HURRICANES Above-average season predicted
The Atlantic will see 12 to 15 tropical storms this year, forecasters say.
SCRIPPS HOWARD NEWS SERVICE
Government forecasters anticipate another above-normal hurricane season in the Atlantic this year after the record-breaking round of storms last year.
The National Oceanic and Atmospheric Administration's outlook, issued Monday, "is for 12 to 15 tropical storms, with seven to nine becoming hurricanes, of which three to five could become major hurricanes [with winds in excess of 111 mph]," said retired Vice Adm. Conrad Lautenbacher, undersecretary of commerce for oceans and atmosphere and NOAA administrator.
"Forecaster confidence that this will be an active hurricane season is very high," Lautenbacher said.
The annual outlook closely follows an April prediction by the respected Tropical Meteorology Project at Colorado State University. It called for 13 named storms, seven becoming hurricanes and three becoming major storms.
A busy phase
The Atlantic has seen above-average hurricane activity almost every season since 1995, when a change in deep ocean currents began bringing warmer surface temperatures to the basin.
William Gray, head of the Colorado State team, told emergency planners this spring that the evidence suggests the currents "may be in this phase for the next 15 to 20 years."
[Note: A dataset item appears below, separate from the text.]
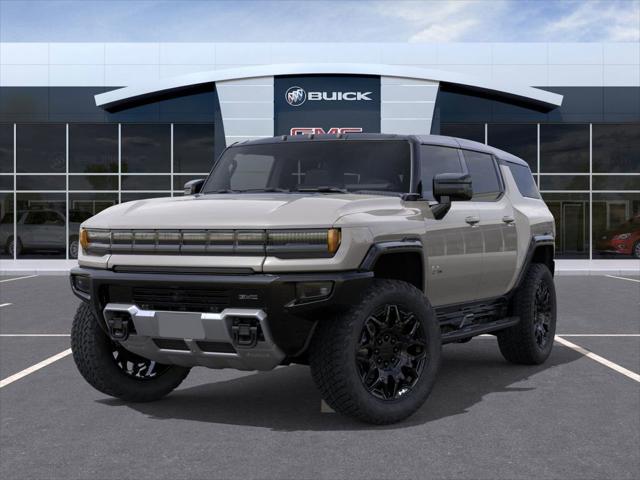 2026 GMC HUMMER EV 2X 4WD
Last year saw 15 named storms, with nine hurricanes and six major hurricanes. In August alone, there were eight tropical storms, breaking the previous monthly record of seven set in 1933 and 1995.
Nine of the storms struck the U.S. mainland during the season. Four hurricanes and a tropical storm hit Florida.
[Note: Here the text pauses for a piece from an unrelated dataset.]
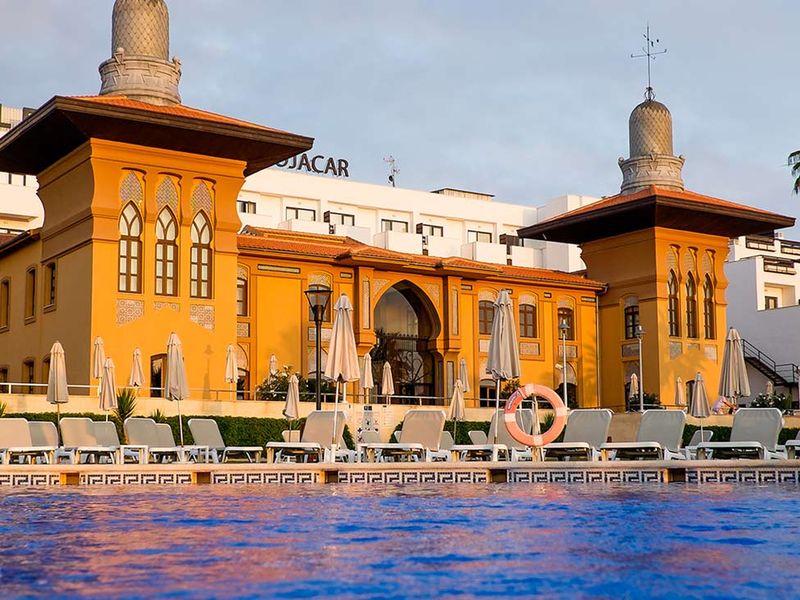 Alegria Palacio Mojacar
Historically, even an above-normal season brings just two or three land-falling hurricanes to the U.S. coast. The 2004 season was made worse because a strong bubble of high pressure over the western Atlantic steered the storms toward the mainland rather than out to sea.
Going inland
As they kicked off National Hurricane Preparedness Week during a news conference at Bay St. Louis, Miss., on Monday, government forecasters stressed that the impact of the storms does not stop near the coastline.
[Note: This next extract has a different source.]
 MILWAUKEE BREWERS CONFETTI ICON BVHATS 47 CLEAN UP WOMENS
Much of the billions of dollars in property damage and most of the 59 U.S. fatalities directly attributed to the hurricanes last year did not come near beaches but inland. That was because of floods and record numbers of tornadoes generated by the tropical systems often hundreds of miles from shore.
The government outlook doesn't attempt to assess risk to any particular stretch of coastline, but Gray's team anticipates the probability that a hurricane will make landfall somewhere on the mainland this season at 73 percent, compared to the odds of 52 percent in an average year.